▸ WORK TO BE COMPLETED
Exactly as they appear, please output the lines from the one with "disco duro hitachi hts543232l9a300" through the end of the material, without pictures.

▸ INFORMATION SHOWN
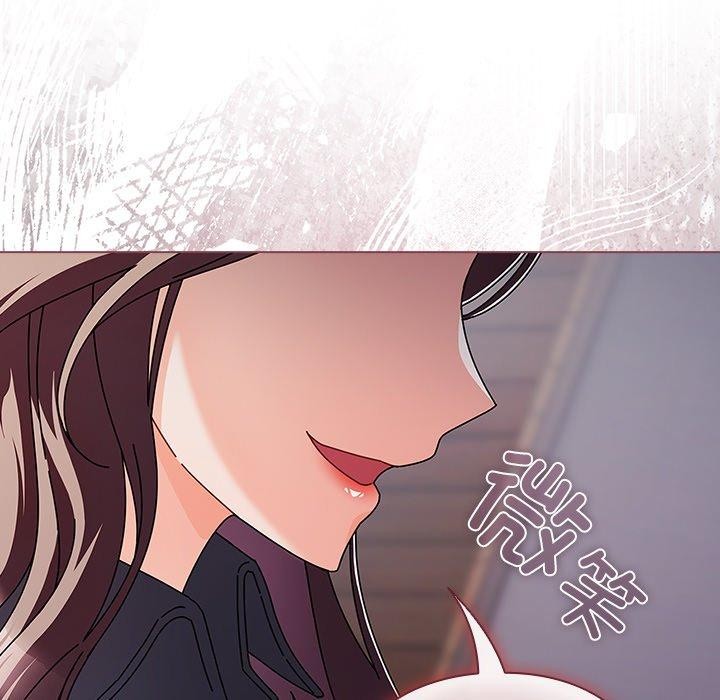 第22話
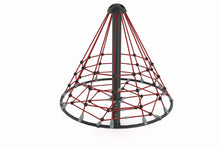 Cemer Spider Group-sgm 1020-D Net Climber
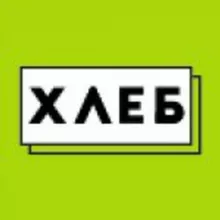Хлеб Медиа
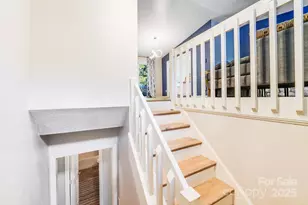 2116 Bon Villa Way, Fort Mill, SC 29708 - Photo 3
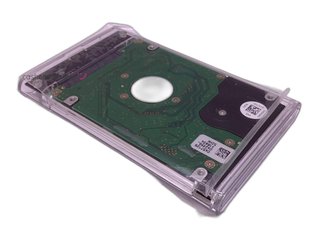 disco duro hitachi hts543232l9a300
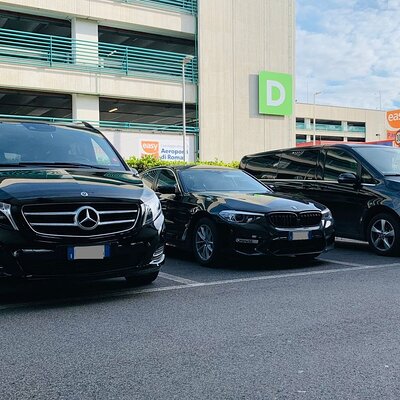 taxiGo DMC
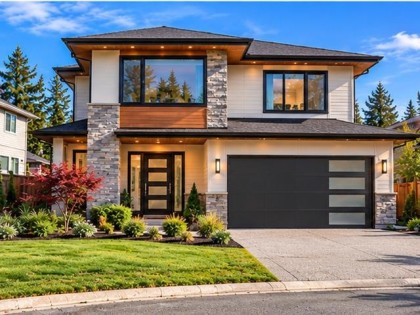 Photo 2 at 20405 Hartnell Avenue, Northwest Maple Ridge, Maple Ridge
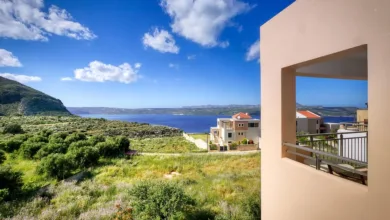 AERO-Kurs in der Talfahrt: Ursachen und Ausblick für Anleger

▸ RESPONSE AREA
 disco duro hitachi hts543232l9a300
 taxiGo DMC
 Photo 2 at 20405 Hartnell Avenue, Northwest Maple Ridge, Maple Ridge
 AERO-Kurs in der Talfahrt: Ursachen und Ausblick für Anleger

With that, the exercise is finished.